片手がフリーになるから写真を撮りながらの散策にも。基本はグリップを上から握り、ステッキとして歩行時のバランス補助の役割を担います。
全長は短めなので、平坦部を中心にゆったりとしたペースで歩きたい方におすすめのポールです。
ロック方式
レバーロック式
操作が簡単で固定力が高く、登山初心者に最適。手袋や厚いグローブをはめたままでも操作がしやすい利点があります。
スクリューロック式
シャフトを回転させて固定するタイプ。シンプルな構造であるものの緩みやすい点には注意。パーツが少なく済むため軽量である点がメリットです。
長さと重さのバランス
ポールを手にしたときに、肘がほぼ直角になる高さが使いやすい長さの目安。
軽さばかりを追求しすぎると安定感が落ちるため、初心者は「軽すぎないモデル」を選ぶのもおすすめです。
初心者におすすめのトレッキングポール【タイプ別】
手頃で扱いやすい入門モデル
気軽に持てるから使いやすい、ハイキングや低山へのトレッキングに最適なベーシックモデル。I型グリップのトレッキングポールに伸縮機能のみというシンプルさは、初心者の方にも使いやすい設計です。
低山ハイクにおすすめのT字グリップモデル
比較的に傾斜の少ない、緩やかな地形をゆっくり歩くのに適した形状のトレッングポールです。
コスパ重視・耐久性モデル
お求めやすい価格でも、材質は超軽量アルミ、ロック機構はレバーロックを採用した高機能トレッキングポール。 伸縮式だから”もしも”のときも、シャフト一節単位で修理交換が可能。初めてのトレッキングポールとしてもおすすめの製品です。
軽くて振り出しやすい重心設計
日本人の手にフィットする極上の握りやすさを追求した「S-tech グリップ」搭載モデル。軽い振り心地でリズムよく快適に歩ける秘密は、独自の重心設計によるスイングバランス。特に疲れが気になる下山時にサポート力を実感します。
操作性抜群!折りたたみモデル
日本人の手にフィットする極上の握りやすさを追求した「S-tech グリップ」搭載モデル。
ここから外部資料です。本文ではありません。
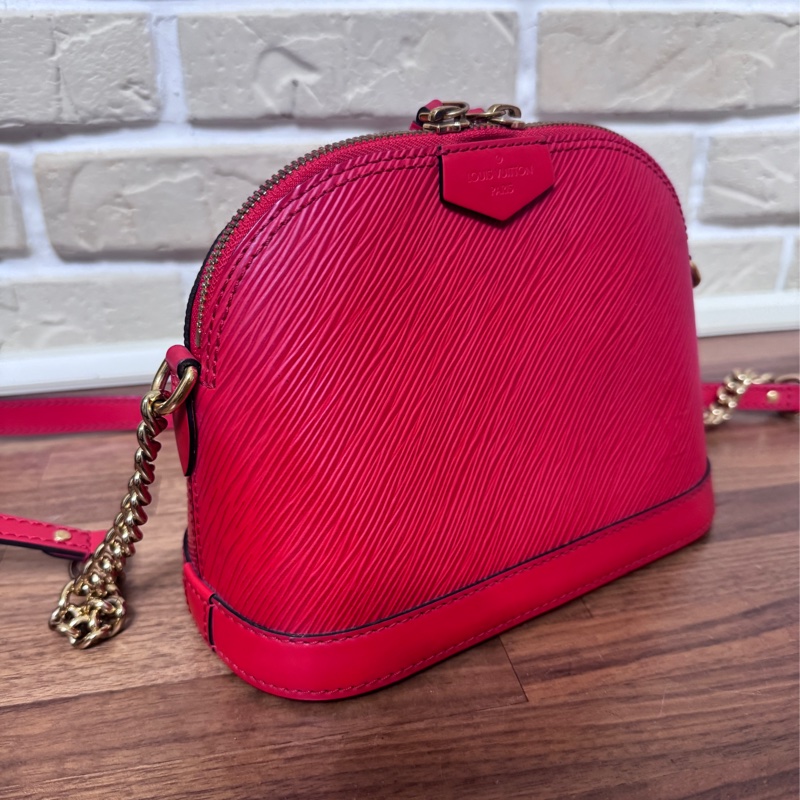 Lv 紅色epi 水波紋艾瑪包 mini 20公分-2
“引いてねじるだけ”でロックの固定と解放が可能。固い解放ボタンに力を込める必要も、ボタンにグローブの先端を挟まれる煩わしさもありません。
トレッキングポールの正しい使い方
せっかくポールを選んでも、使い方を誤ると本来のサポート効果を十分に得られません。 ここでは、登山初心者がまず押さえておきたい基本動作を紹介します。
基本:ポールの角度と姿勢
ポールは「前に突く」というよりも、体の重心線のやや前方に軽く突き込む程度が理想です。 肩の力を抜いて腕を自然に振りながらリズムよく突くと、全身を使った効率のよい歩行になります。
持ち方:手首ストラップの使い方
ストラップには下から手を通してから、手のひらでグリップを包み込むように握ります。
こうすると、ポールに体重を預けるときに手首や腕の力を使わずに支えられるため、長時間の使用でも疲れにくくなります。
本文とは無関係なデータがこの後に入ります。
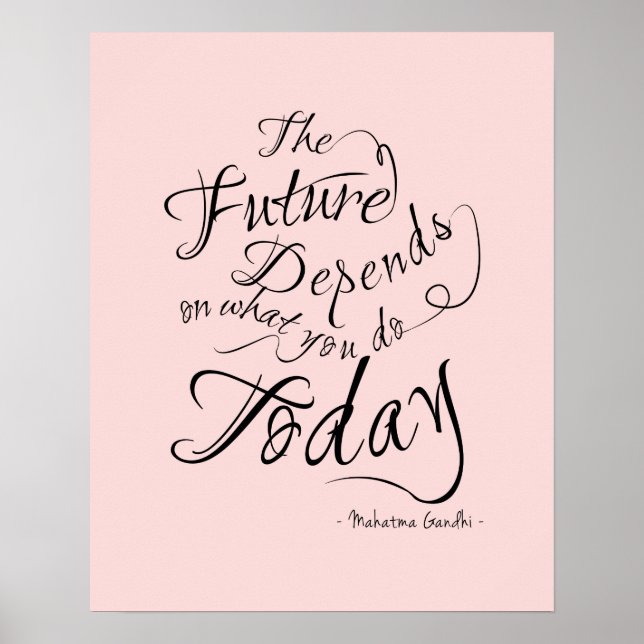 Póster El futuro: Poster Inspirador de caligrafía rosa (Frente)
間違って上からストラップを通すと、支点がずれて手首を痛める原因になるので注意しましょう。
歩き方:左右交互に突く「ストックワーク」を意識
歩行の基本は、右足を出すときに左のポールを突く「対角歩行」です。
腕と足を交互に動かすことでリズムが生まれ、自然なバランスが保てます。
ポールを突くタイミングは、足が地面につくほんの少し前。
勢いよく突きすぎず、軽く支える感覚で使うのがコツです。
登り坂
登りではポールを少し短めに調整し、体の前方に突いて上半身で押し上げるように使います。
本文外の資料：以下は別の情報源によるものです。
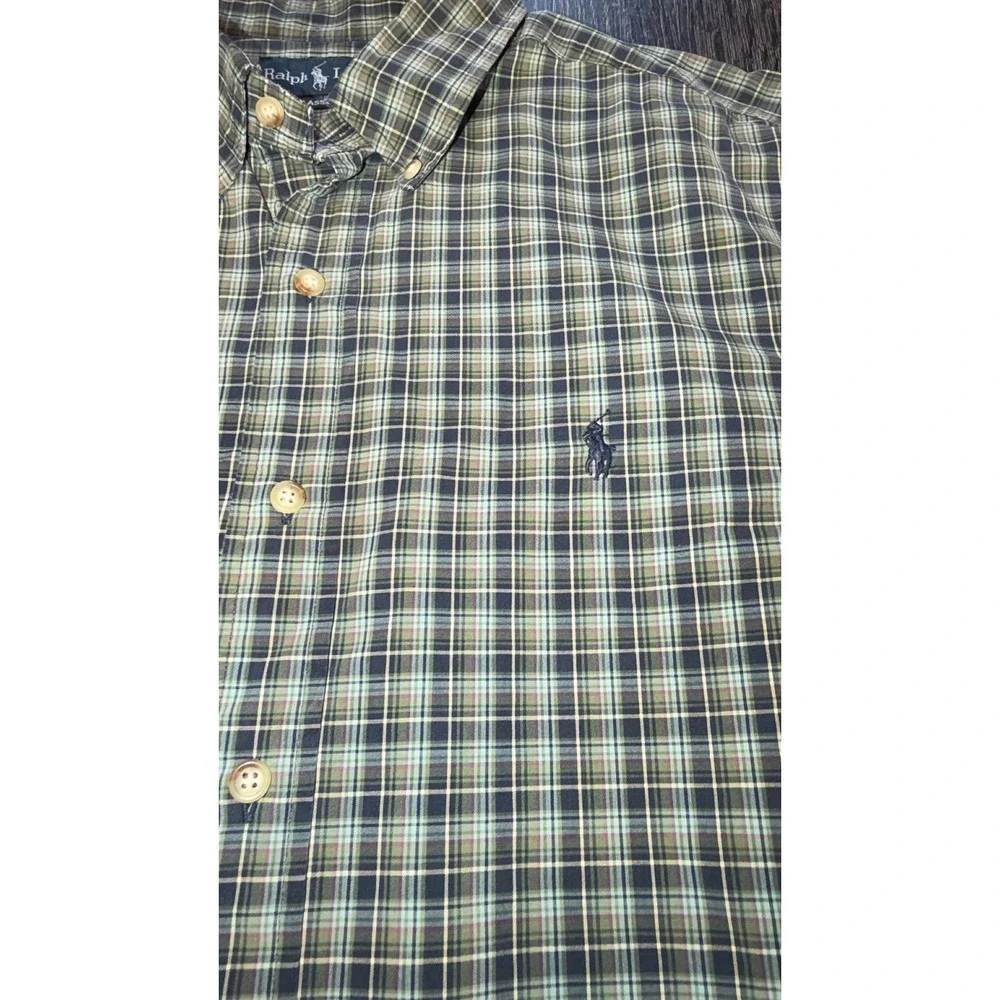 Ralph Lauren Classic Fit Plaid Button Down‎ Shirt Men's L Preppy Casual Pony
急斜面では腕を伸ばして体を引き上げるのではなく、あくまで足の動きを補助する程度にとどめるのがポイントです。
腕に頼りすぎるとバランスを崩すことがあるため、上体はやや前傾で安定させましょう。
下り坂
下りではポールをやや長めに調整し、体のやや前方に突いて衝撃を吸収します。
膝や太ももにかかる負担を軽減できるだけでなく、滑りやすい場所でも安定感が得られます。
ポールを突く位置は足元より少し前。体の重心より前に出しすぎると、逆にバランスを崩しやすくなるので注意が必要です。
メンテナンスと長く使うコツ
トレッキングポールは、登山中の衝撃や土・砂・湿気などに常にさらされています。
きちんと手入れをすれば、長く快適に使い続けることができます。
ここでは、使用後に行いたい基本のメンテナンス方法を紹介します。
分解
まずはシャフトを抜いて分解しましょう。
ジョイント部に砂や水が入り込んでいる場合が多いため、そのまま放置するとロック機構が固着したり、内部が錆びて動かなくなることがあります。
拭き上げ
シャフトや石突きについた水分・砂・泥を、柔らかい布やブラシで丁寧に落とします。 特にロック部分や接続部分は細かい砂が入りやすいので、歯ブラシなどで清掃すると効果的。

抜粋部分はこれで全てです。